Still have questions? Check out our other short pdf2Data videos for tips, tricks, and best practices

This is an introduction to pdf2Data, the rules-based, on-premise solution to automate PDF parsing and data extraction. Empowering users to unlock the full potential of their PDF data, pdf2Data streamlines your IDP workflow and boosts your productivity.

Many businesses need to automate the identification and extraction of important business data contained within PDF documents, to avoid manual copy-paste operations which are error-prone and time-consuming. To automate these processes and reduce costs, those files should be converted into a structured format and cleared of any useless data.

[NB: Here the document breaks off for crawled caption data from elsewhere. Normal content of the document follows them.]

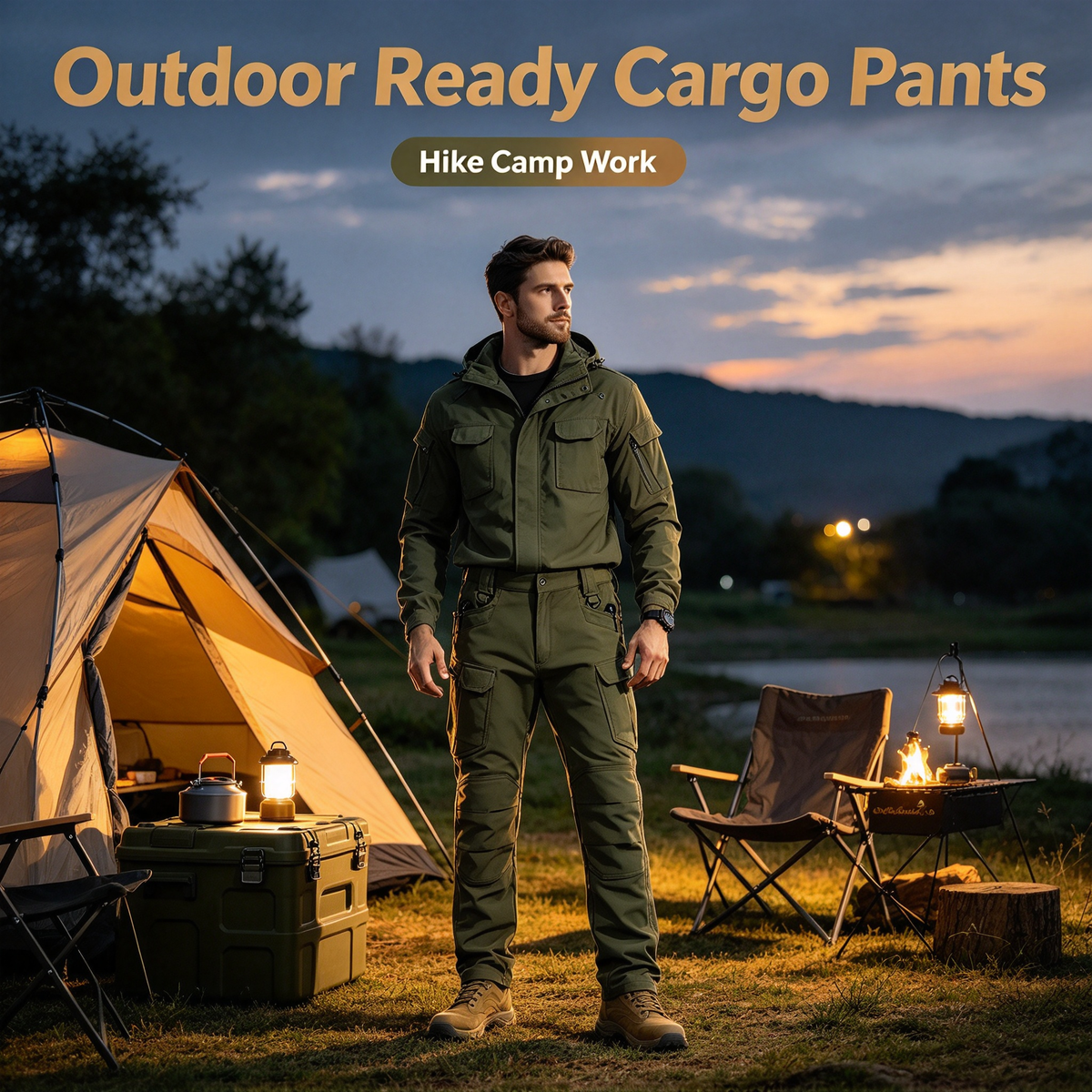 Men's Windproof & Warm Outdoor Military Tactical Pants 👖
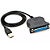 Cabo Conversor USB para Paralela DB25 Fêmea LPT1  1m - Imagem 1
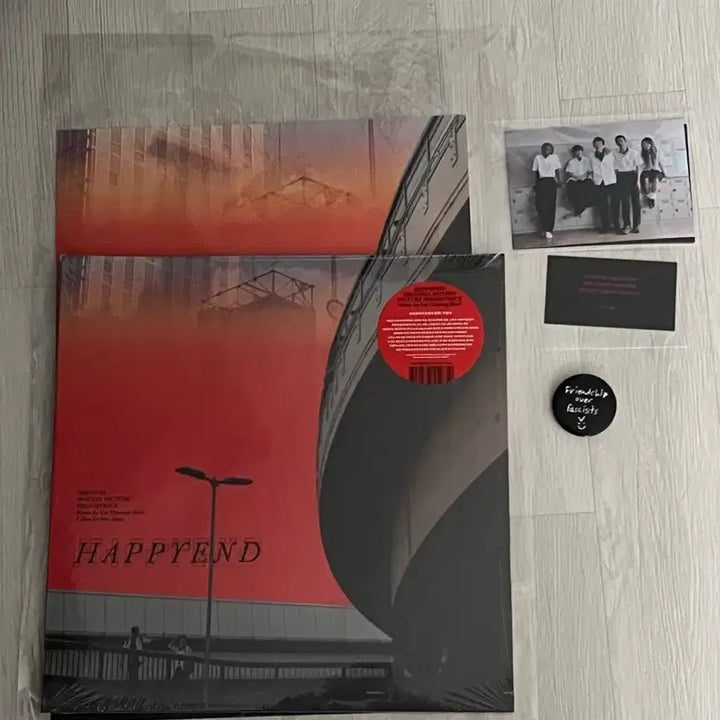 [BUNJANG] Happy End Red Color Limited Edition LP / 영화 해피엔드 레드컬러 리스닝 현장발매 한정 LP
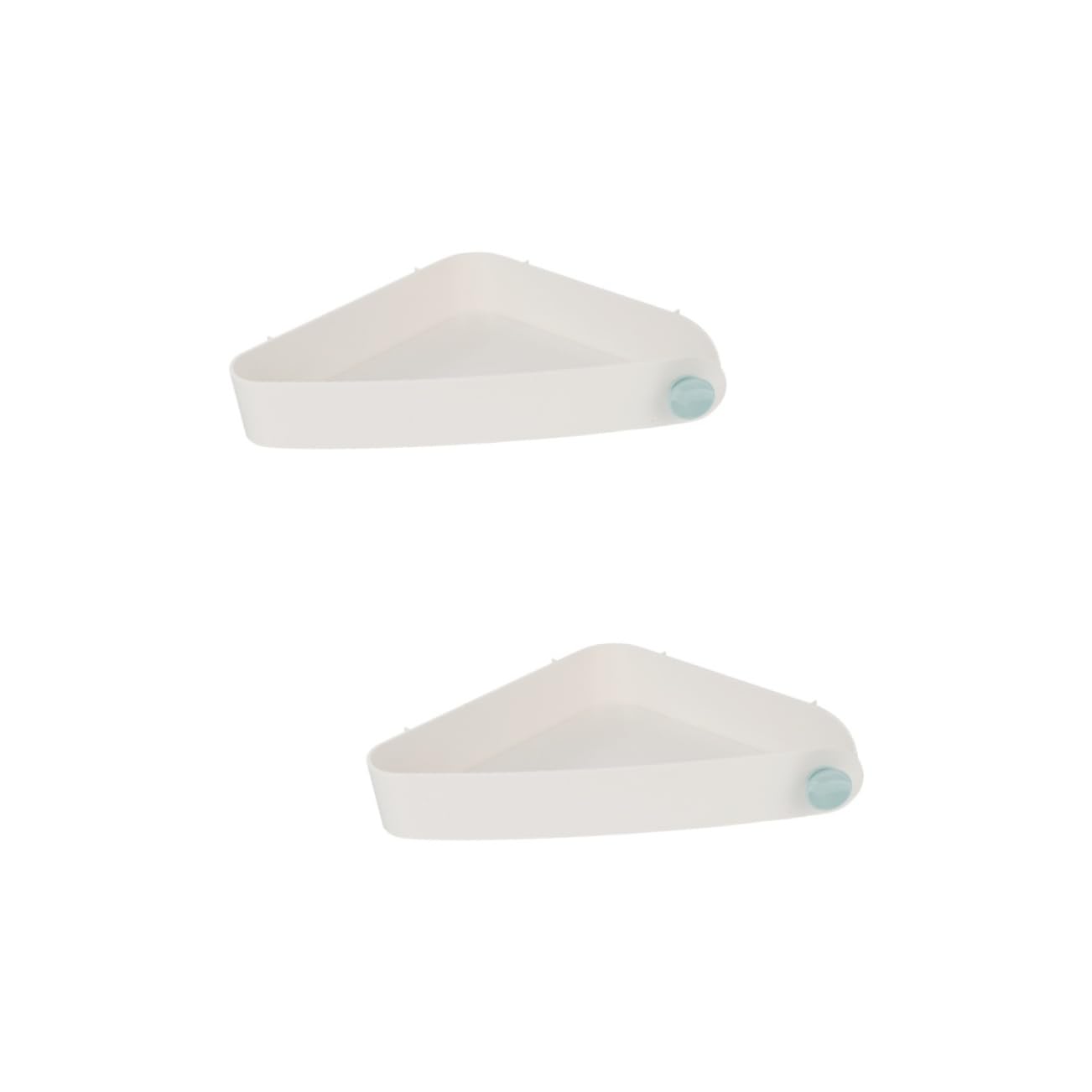 Cabilock 2 Pcs Bathroom Tripod Shower Corner Storage Rack Corner Shower for Bathroom Corner Shelf Bathroom Shower Shelf Corner Shower Shelf Adhesive Shower Corner Plastic Wall Shelves Tub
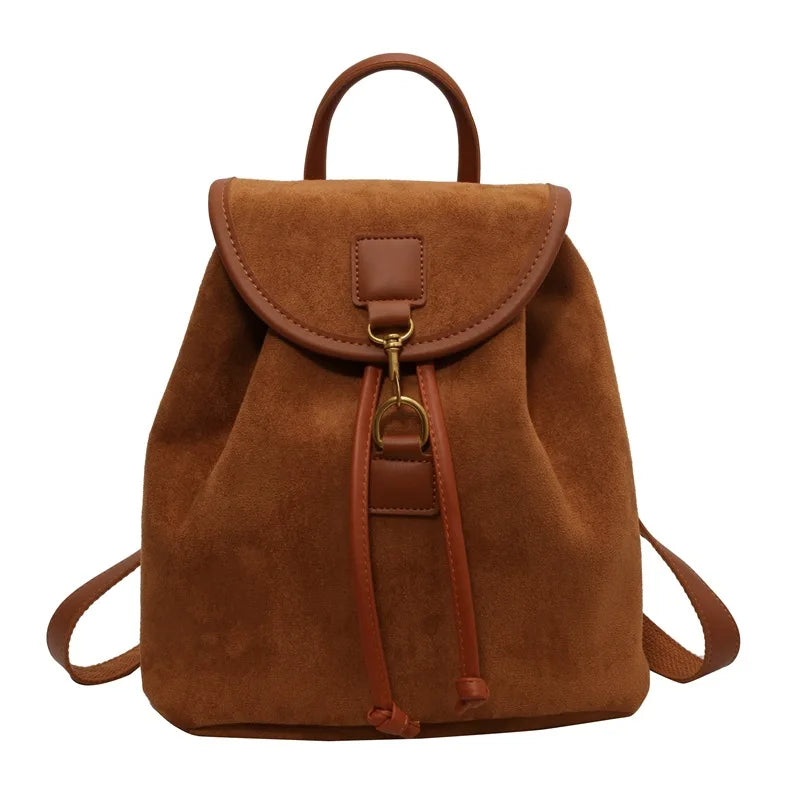 Fashion Women's Stylish Double Shoulder Backpack Large Capacity College Book Bag with Elegant Design Trendy Handbag for Students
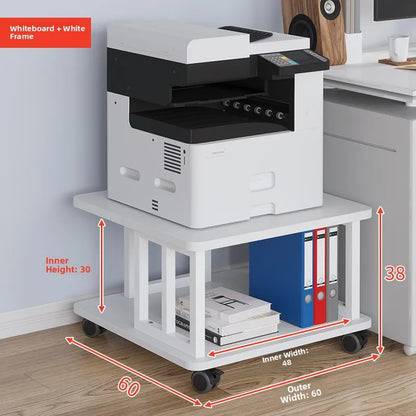 Low Profile Floor Mounted Office Desktop under Desk Printer Copier Storage Ra Home Use Mobile Organization elf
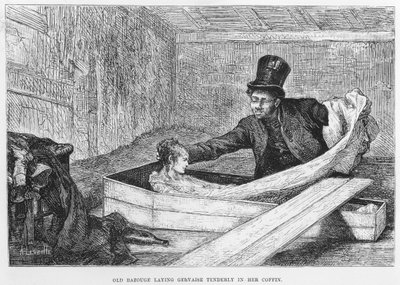 Illustration für Der Totschläger, ein realistischer Roman von Emile Zola (Gravur) von French School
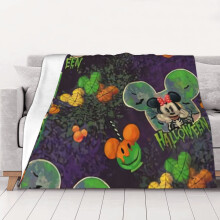 Flísová deka s Mickey Mouse, super měkká, útulná, pro muže, ženu, seniory a děti, Vlastnosti ložního prádla - Super měkká 102 cm x 76 cm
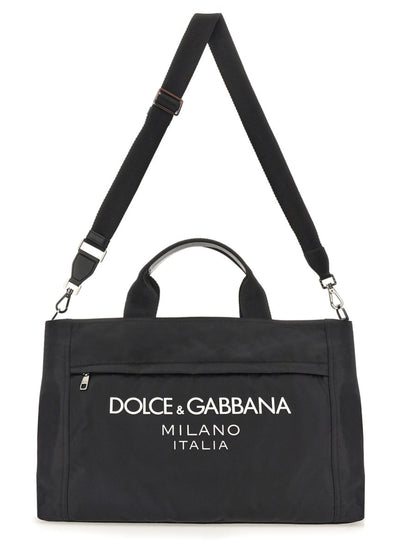 Dolce &amp; Gabbana Men Borsone In Nylon Con Logo by Luosophy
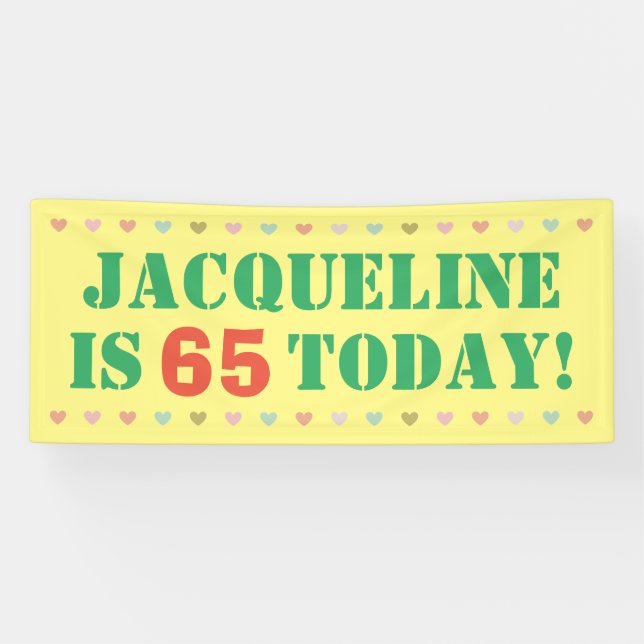 Birthday Announcement Banner (Horizontal)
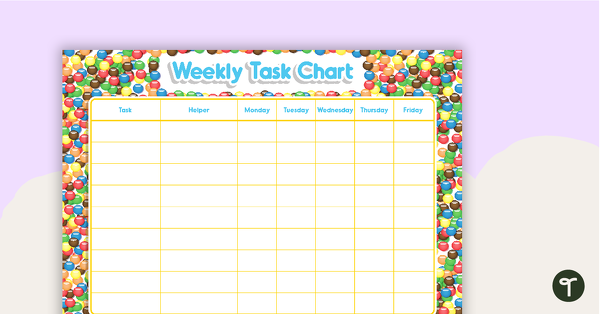 Go to Chocolate Buttons - Weekly Task Chart teaching resource
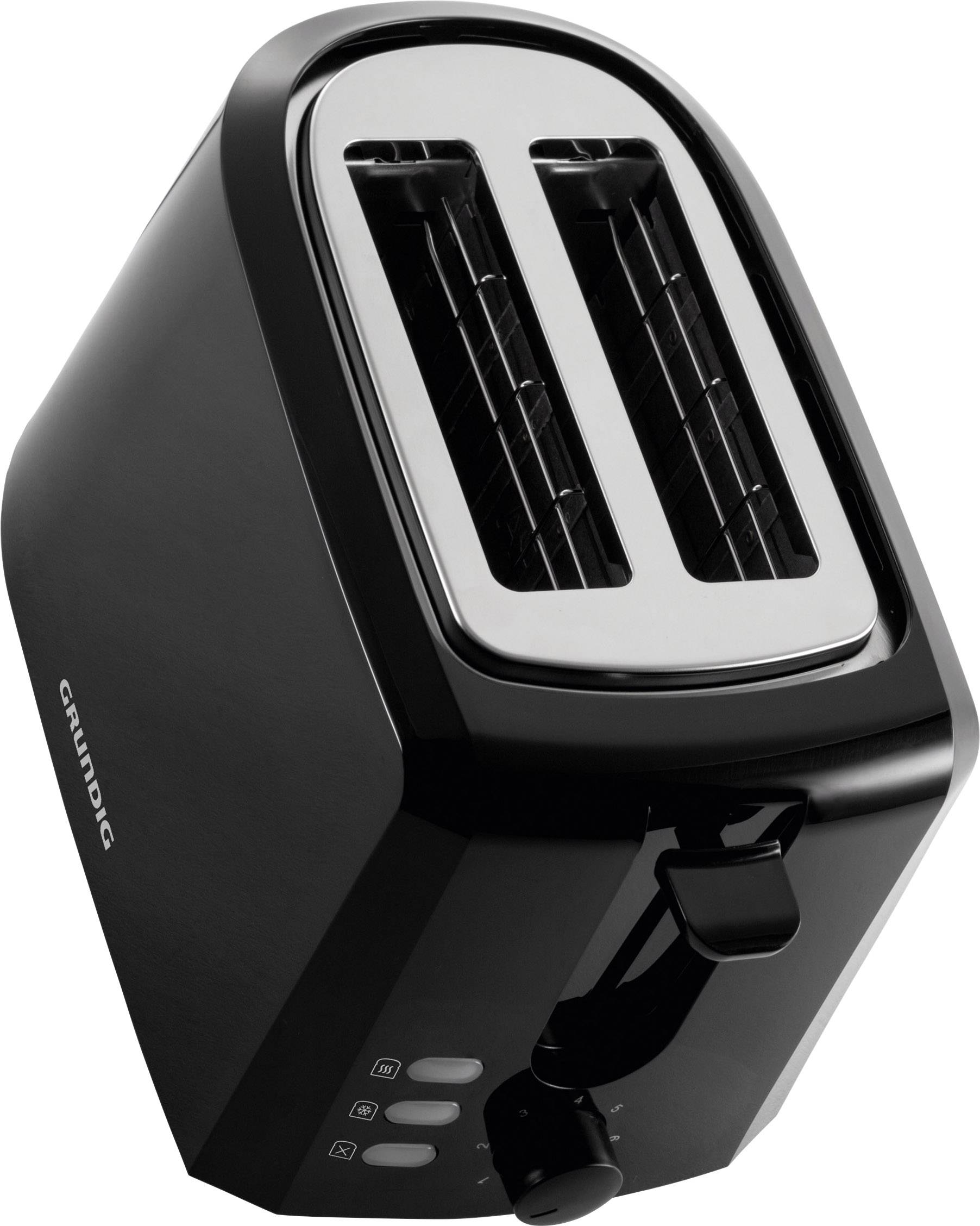 Grundig TA 4620 Toaster mit Brötchenaufsatz Schwarz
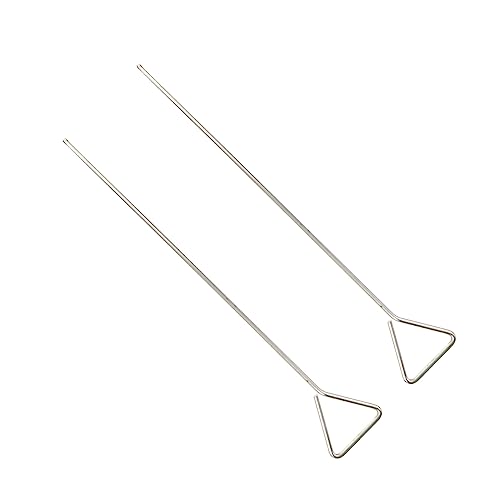 NAMOARLY 2pcs Laboratory Accessories Science Coating Rod Wide Spreading Laboratory Tool Sample Spreaders Stainless Steel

By offering an intuitive identification and extraction interface, pdf2Data allows developers to focus their efforts on the utilization of extracted business data rather than how to identify and extract the desired values. Utilization of pdf2Data for PDF parsing significantly simplifies the extraction workflow, reducing the amount of code developers must write, test, and maintain.

With the pdf2Data Editor, extraction templates can easily be created and maintained by Developers and Subject Matter Experts (SME) alike. These templates can be easily created and maintained even by non-technical users.

Otherwise, read on!

How it works


  1. For a new document an extraction template based on a reference PDF must be created. This can be done using the intuitive pdf2Data Editor.
note

pdf2Data Editor can be deployed in two different modes:

  1. standalone, which contains only template editing functionality,
  2. full, with an additional template and user management facility.
  1. For all other PDFs of the same type. In the Parsing Engine, parsing rules from the extraction template are automatically applied to input PDF files and return the required data in an easily reusable structured format.

Terminology

Extraction template

Each extraction template is a combination of the following two elements:

  1. A reference PDF to build and test parsing on.
  2. Several data fields (parsing rules) which define the way data will be extracted.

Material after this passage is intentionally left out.